Work order:
Your answer must be the exact lines from the one holding "Balance Swiss, bosu" through the end of the entries, with no pictures.

Records for this exercise:
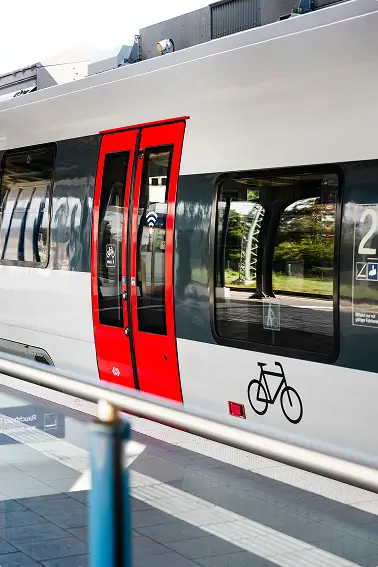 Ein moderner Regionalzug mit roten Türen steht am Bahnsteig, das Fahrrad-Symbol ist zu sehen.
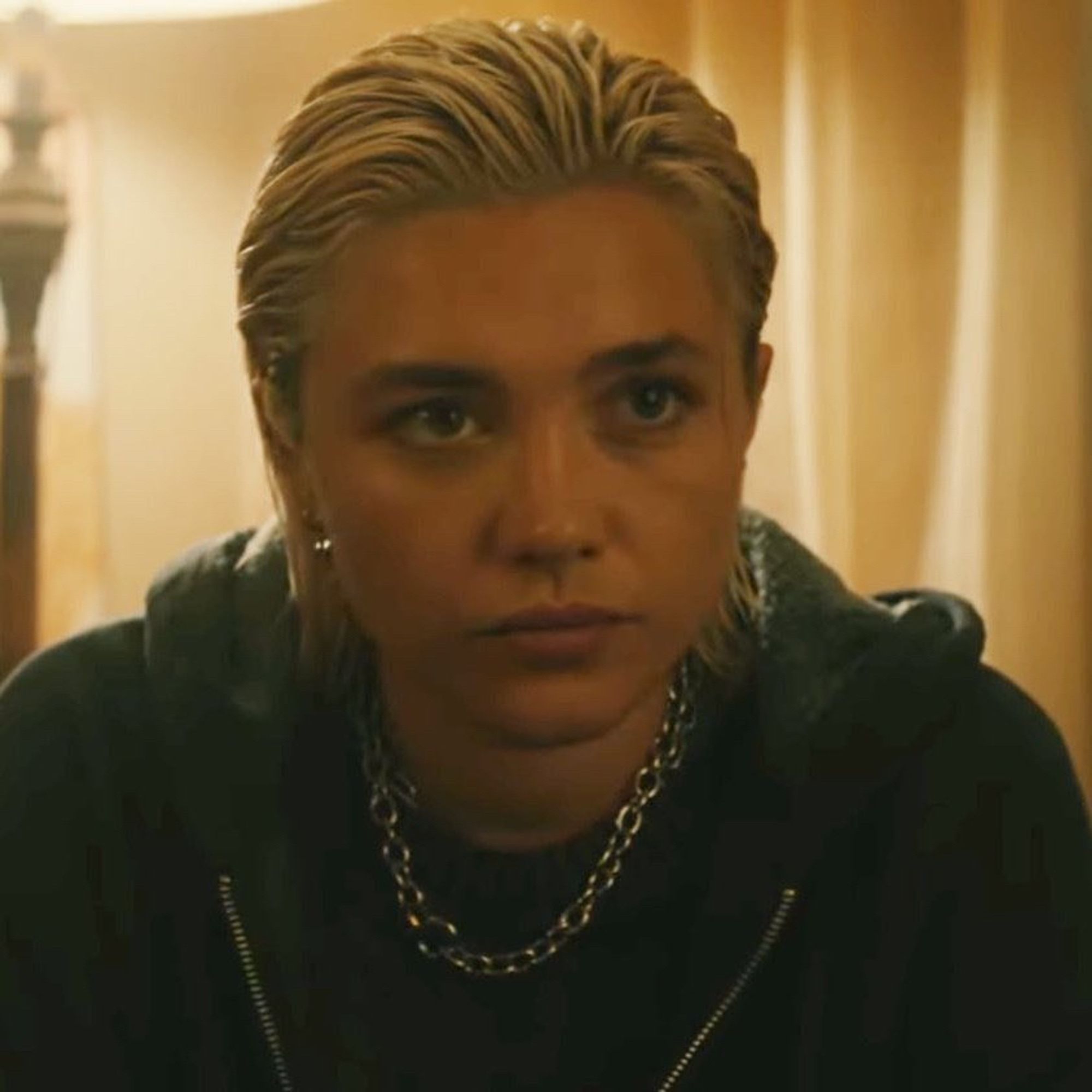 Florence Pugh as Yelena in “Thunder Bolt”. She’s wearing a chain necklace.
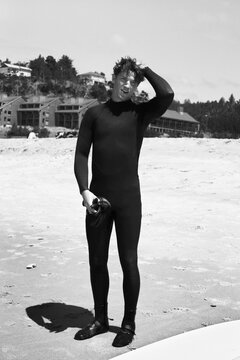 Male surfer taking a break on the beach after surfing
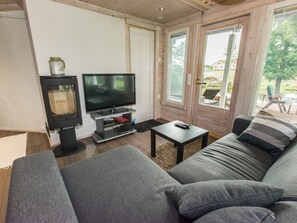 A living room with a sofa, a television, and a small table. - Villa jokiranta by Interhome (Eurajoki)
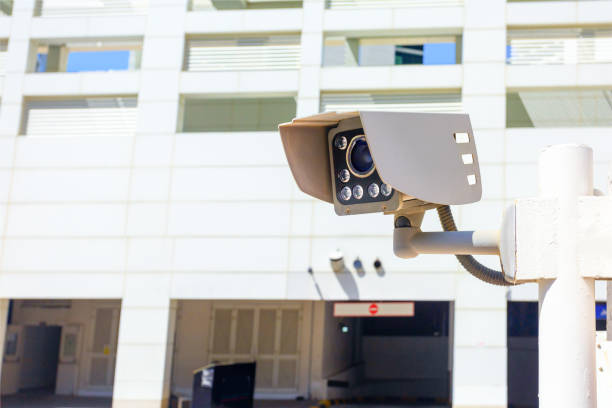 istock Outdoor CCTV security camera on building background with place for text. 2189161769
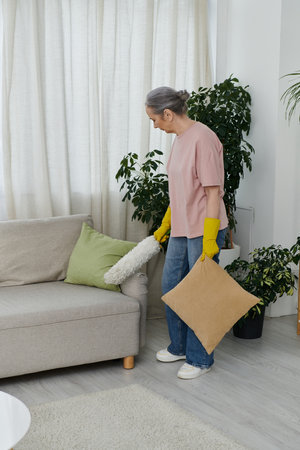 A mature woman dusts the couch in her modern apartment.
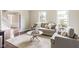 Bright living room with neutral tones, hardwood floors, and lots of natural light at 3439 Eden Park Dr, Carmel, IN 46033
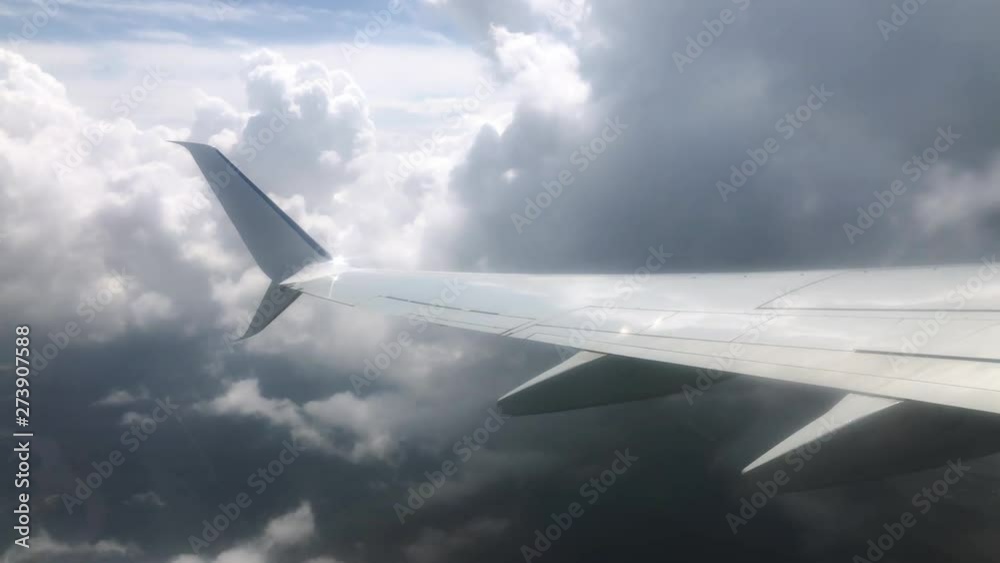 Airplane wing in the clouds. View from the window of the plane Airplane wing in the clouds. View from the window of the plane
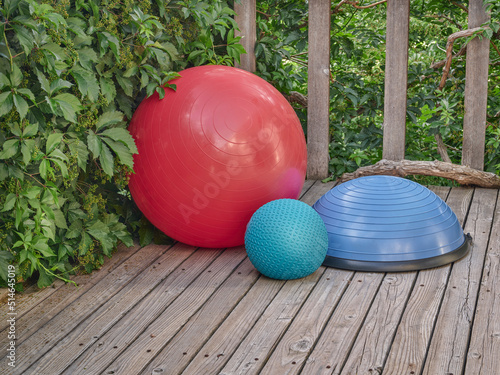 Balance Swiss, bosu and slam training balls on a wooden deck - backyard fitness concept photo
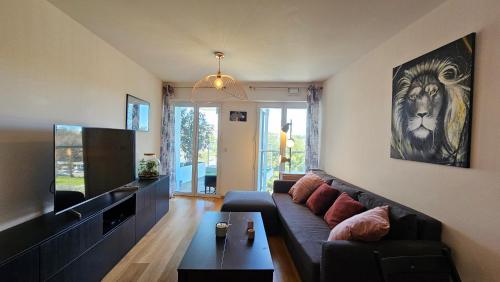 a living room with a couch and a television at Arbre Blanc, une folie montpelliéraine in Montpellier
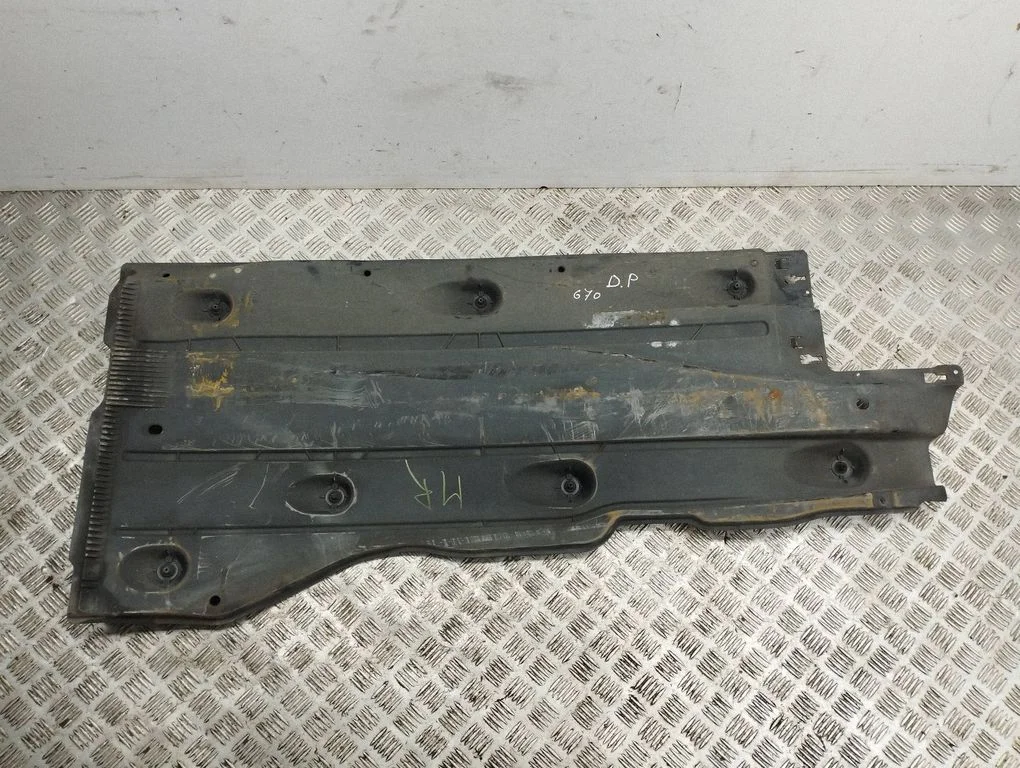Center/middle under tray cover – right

The answer:
 Balance Swiss, bosu and slam training balls on a wooden deck - backyard fitness concept photo
 a living room with a couch and a television at Arbre Blanc, une folie montpelliéraine in Montpellier
Center/middle under tray cover – right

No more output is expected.